= Sandy Stewart (singer) =

American jazz and cabaret singer

Sandy Stewart (born Sandra Esther Galitz; July 10, 1937) is an American jazz and cabaret singer. Her son is jazz pianist Bill Charlap and her husband was Moose Charlap.

== Early life and education ==
Stewart is the daughter of (restaurant fruit salesman) Samuel Galitz, the owner of an egg, butter and cheese store in the 2000 block of N. 31st Street in the Strawberry Mansion section of Philadelphia.

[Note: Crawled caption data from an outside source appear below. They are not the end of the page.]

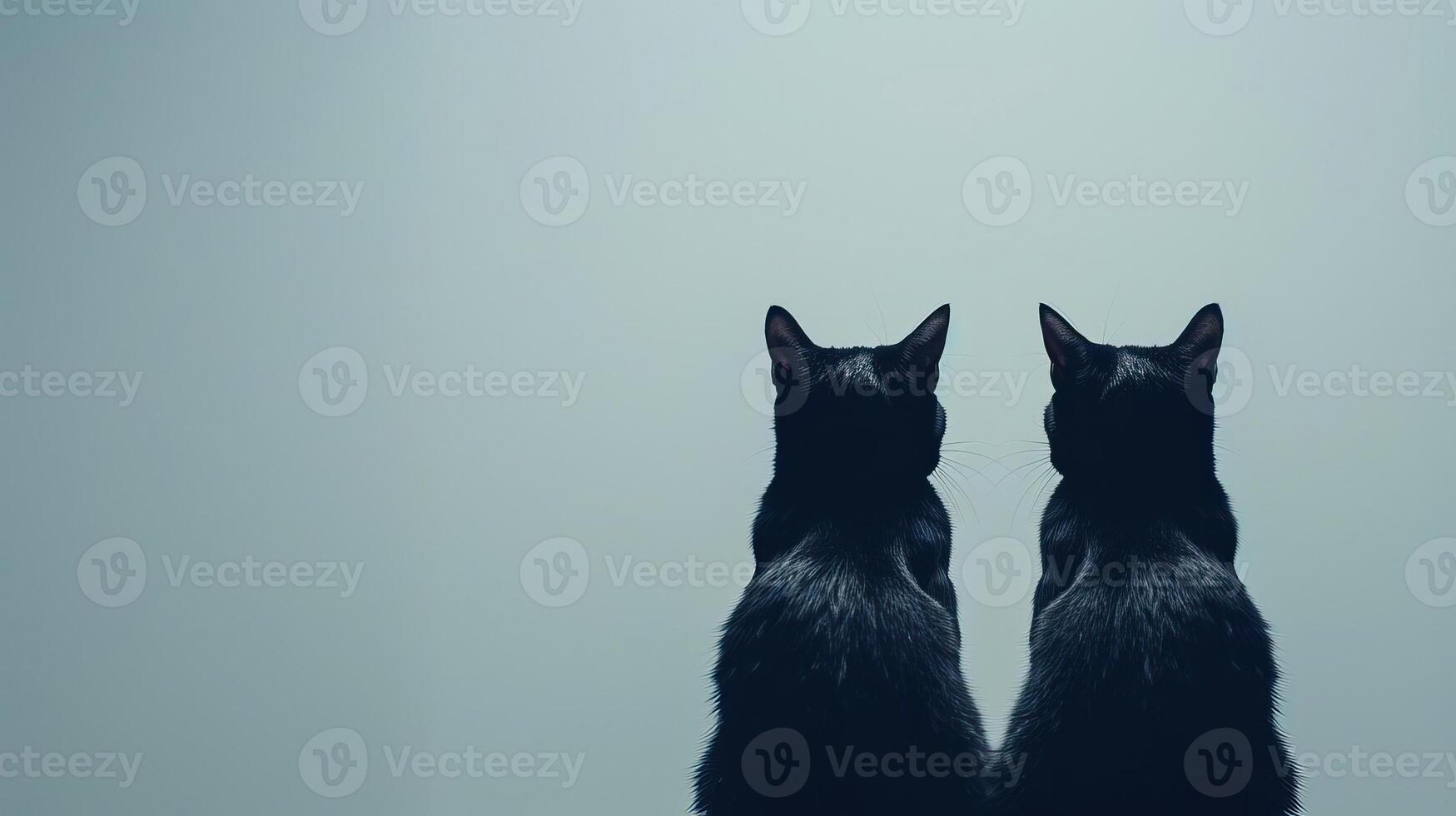 Silhouetted black cats with arched backs, eerie background, editorial photography, empty space for text on side photo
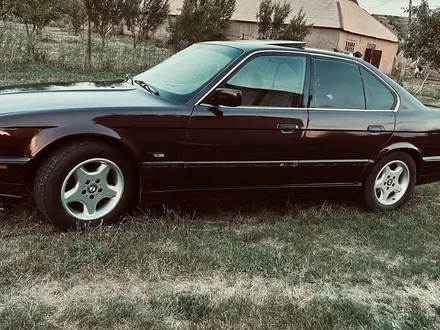 BMW 520 1994 годаүшін1 600 000 тг. в Шымкент
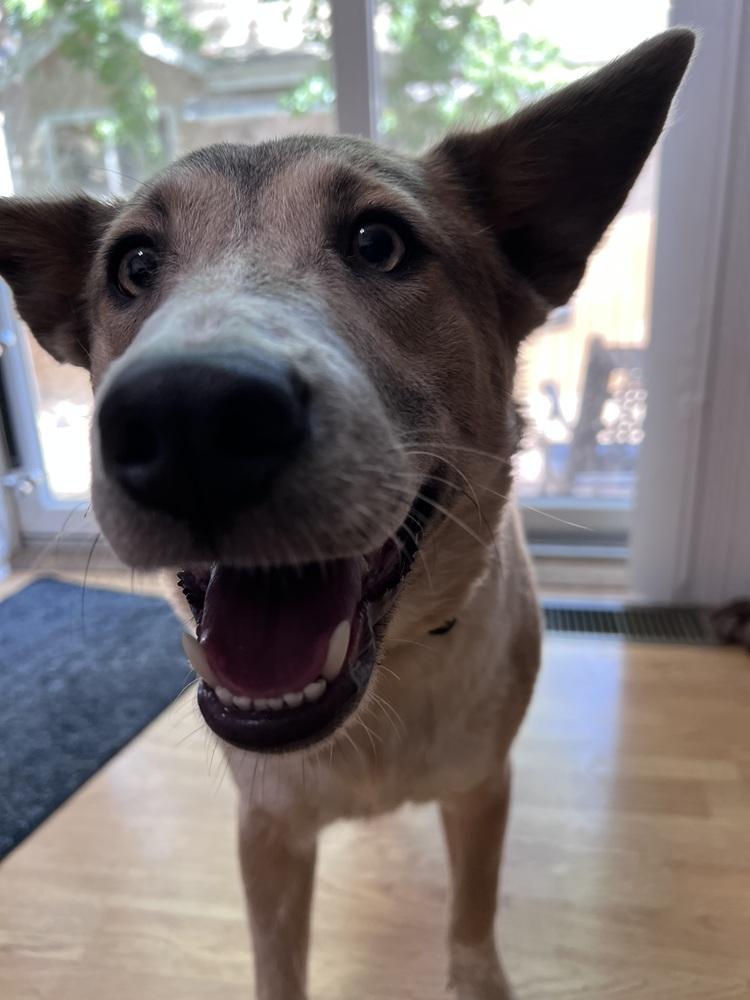Audrey Griswold of Wortham, a Adoptable mixed breed in Denver, CO image 4/4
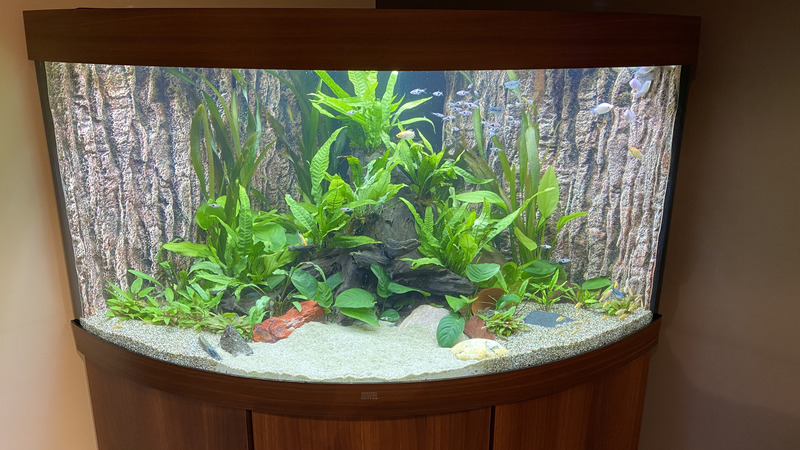 Afgewerkt gezelschapsaquarium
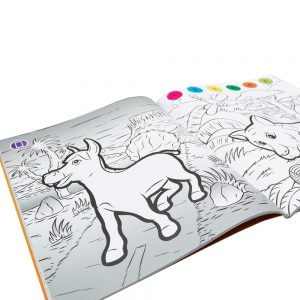 Pukka Fun Interactive Colouring Book Animal Kingdom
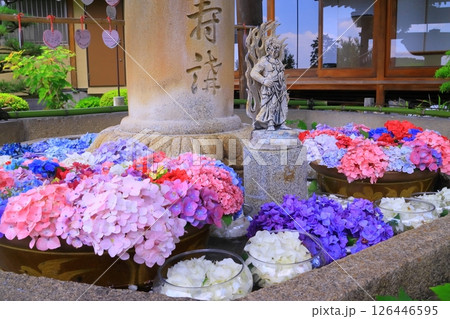 三室戸寺(京都府宇治市)手水舎のアジサイの花 三室戸寺(京都府宇治市)手水舎のアジサイの花 126446595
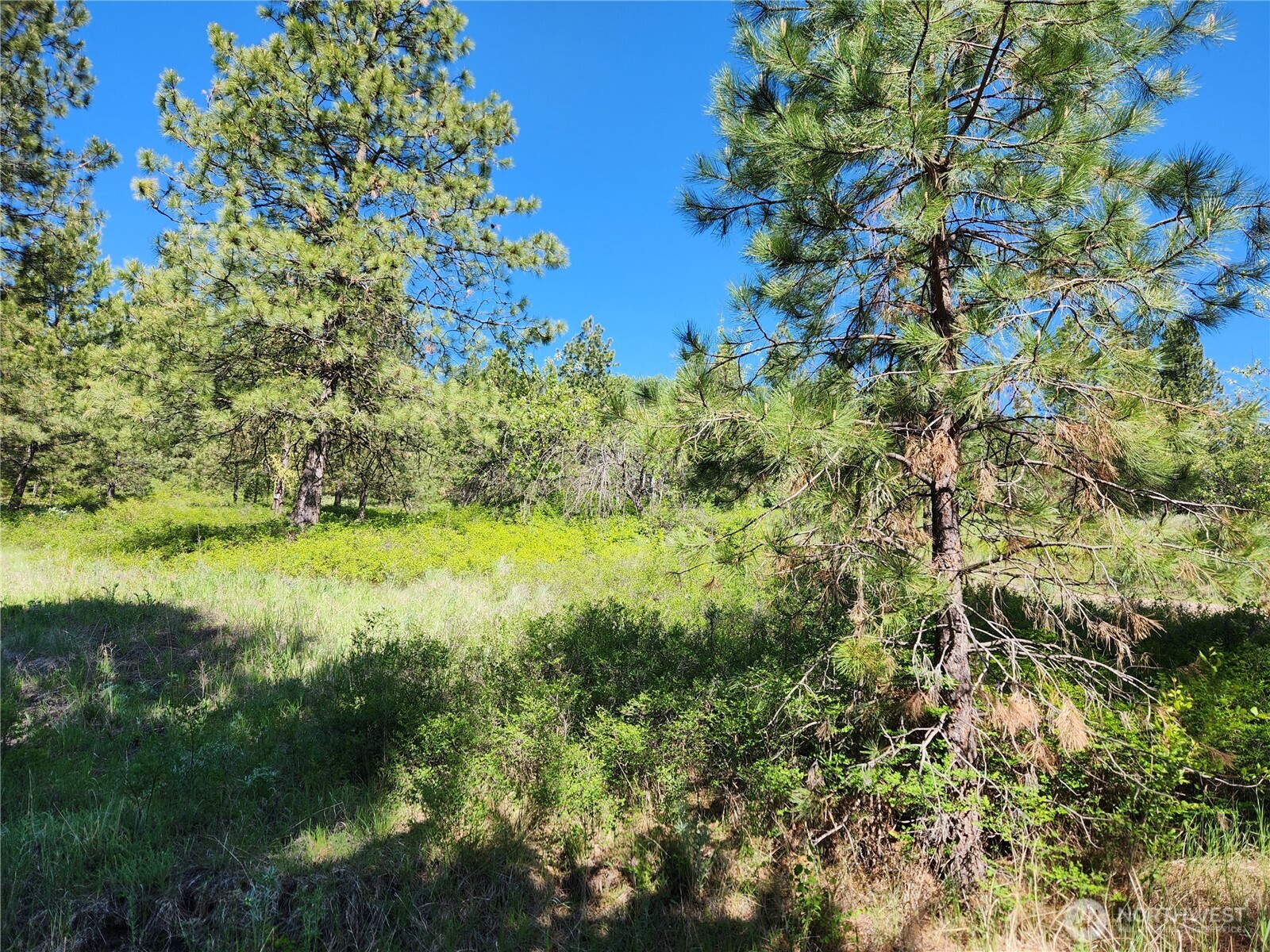 0 Gold Mountain Road Republic WA 99166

Stewart was born in Philadelphia and graduated from Lincoln College Prep School in 1955. When she was nine years old, she began performing on radio station WPEN in Philadelphia as a member of the cast of Jackie Kane's Juvenile Variety Show.

==Career==
When Stewart was 15, she recorded "Since You Went Away from Me", which led to her making guest appearances on network radio and television shows. In her teens she sang on the radio for NBC accompanied by a band of Mundell Lowe, Dick Hyman, Eddie Safranski, and Don Lamond. After moving to New York City, she worked on the Ernie Kovacs television program and during her career appeared on programs hosted by Ed Sullivan and Johnny Carson. In 1959 she acted with Alan Freed in the movie Go, Johnny, Go!.

Stewart performed regularly on Ed McMahon's Get Happy TV show in Philadelphia, and she frequently filled in for Denise Lor on Garry Moore's daytime TV program. As a singer she performed with Steve Allen, Perry Como, Bing Crosby, and Benny Goodman. During the 1961–63 television seasons, she appeared often on The Perry Como Show as part of The Kraft Music Hall Players with Don Adams, Kaye Ballard and Paul Lynde.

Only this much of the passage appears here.